His love of the game began in the back of a bowling alley in Canada, a love that led to him honing his skills and developing his talents in venues across North America. By then, with his reputation growing and his number of victories increasing, he set his sights on the UK, where the best of the best competed against one another for the sport’s most prestigious titles.
Chief among those titles was of course the World Championship. In 1977, the tournament moved to its new home at The Crucible in Sheffield, where it has been held ever since. This was the start of a new era in the game, one in which players became household names, known for their technical abilities, their magnetic personalities and, on a regular basis, some truly epic matches.
Cliff was in on this from the beginning.
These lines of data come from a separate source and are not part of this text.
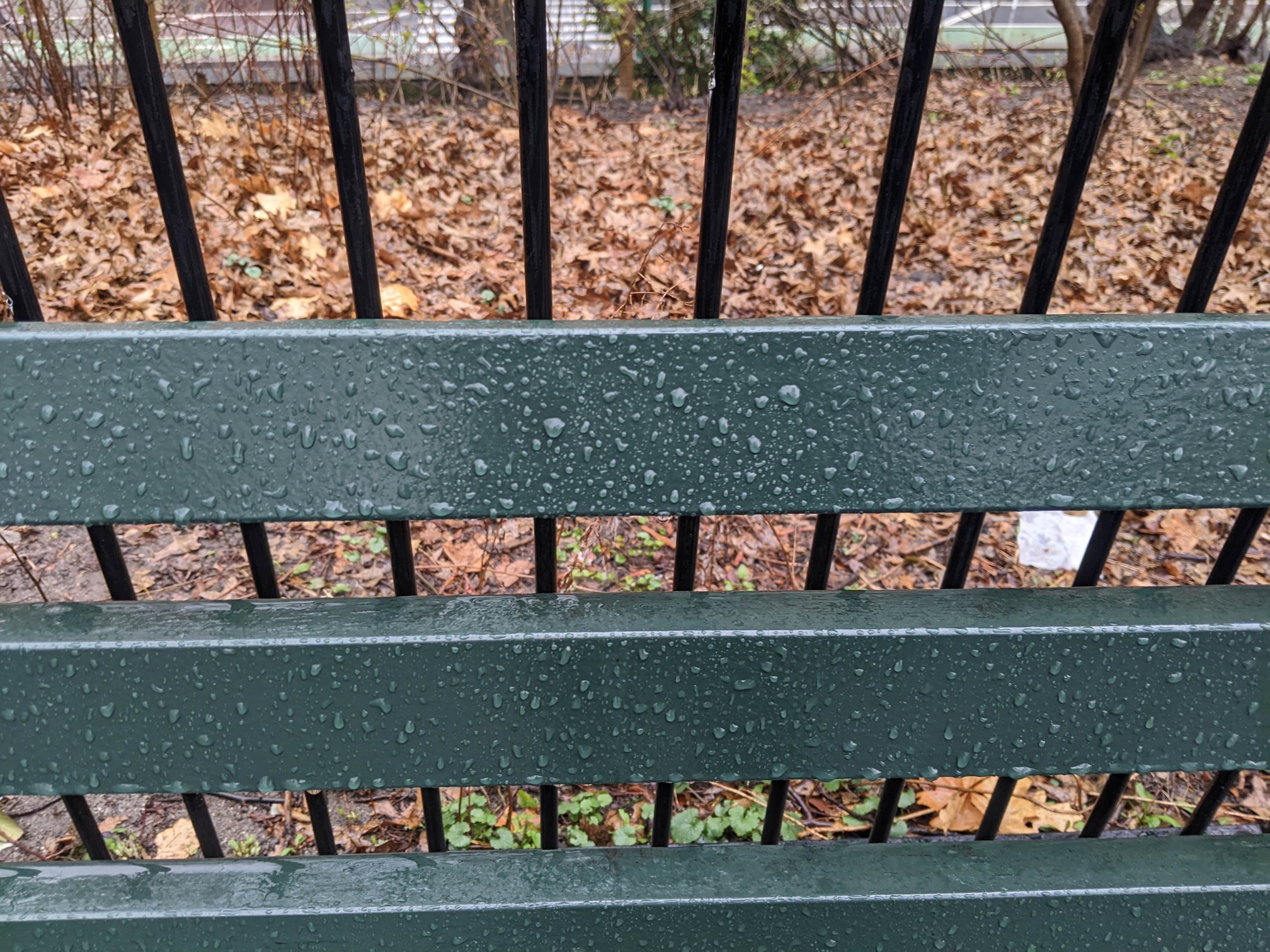 I saw this bench in Central Park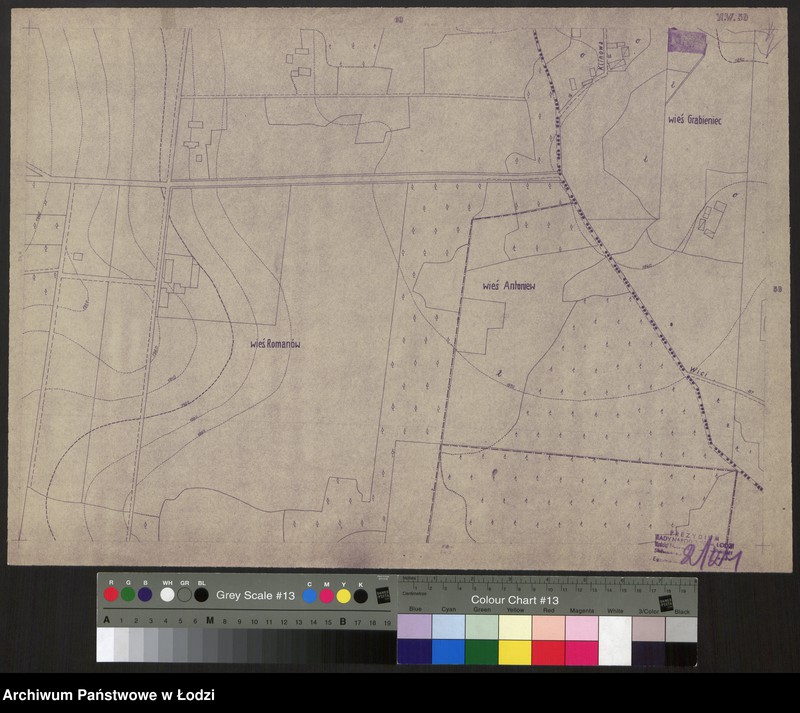 Obraz 1 z jednostki "Plan m. Łodzi 1:2000, odbitka. Sekcja NW59"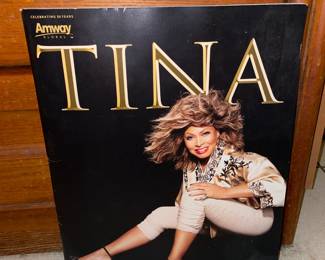 Tina Turner Concert Program Tour Book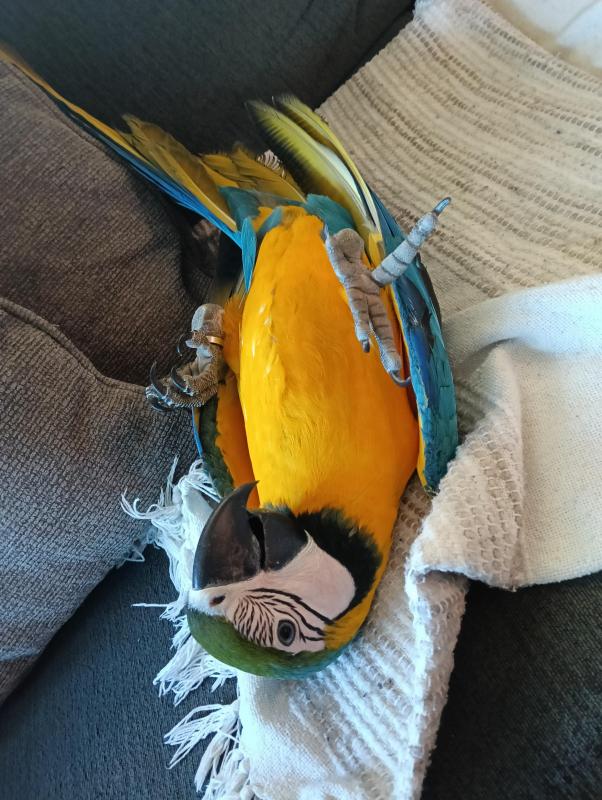 Hand raised blue and gold macaws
He played in his first World Championship in 1973, and by the time the move to The Crucible came around he was one of the most famous players on the planet. In 1977 and 1983, he fought his way to the final, eventually losing out to John Spencer and Steve Davis. Sandwiched between the two, however, was a breath-taking and unforgettable victory.
The Grinder became the first non-British World Champion in 1980, overcoming the legendary Alex Higgins in a final that was witnessed by millions on live TV. The Hurricane had a four-frame lead at one point, but Cliff fought his way back into the match and eventually won by 18 frames to 16. It had been a long and often tough journey, but he’d made it to the very top of the game.
A big name during the sport’s golden age
More competition wins across the globe would follow, and in 1983 Cliff made snooker history. The so-called ‘Perfect Game’, a maximum 147 break that had never been achieved in a World Championship match, was completed by Cliff in a second-round match against Terry Griffiths. For those who saw it, including famously the players on the other table who stopped mid-game to watch, it was perhaps the most famous snooker moment of the whole era.
Cliff Thorburn has gone on to record some 40 tournament wins, including an impressive 13 Canadian titles, establishing himself as one of the most successful, not to mention popular, players to ever grace the game. A Member of the Order of Canada and a WPSBA member for nearly 50 years, his imprint on this sport is there for all to see.
Cliff is married to his wife Barbara and has two sons, Jamie and Andrew. He’s still involved in the sport, making personal appearances and providing sought-after coaching services to both individuals and groups. And while just about all of the world’s greats from the golden era of snooker can say they played against The Grinder, many of them will tell you they struggled to beat him.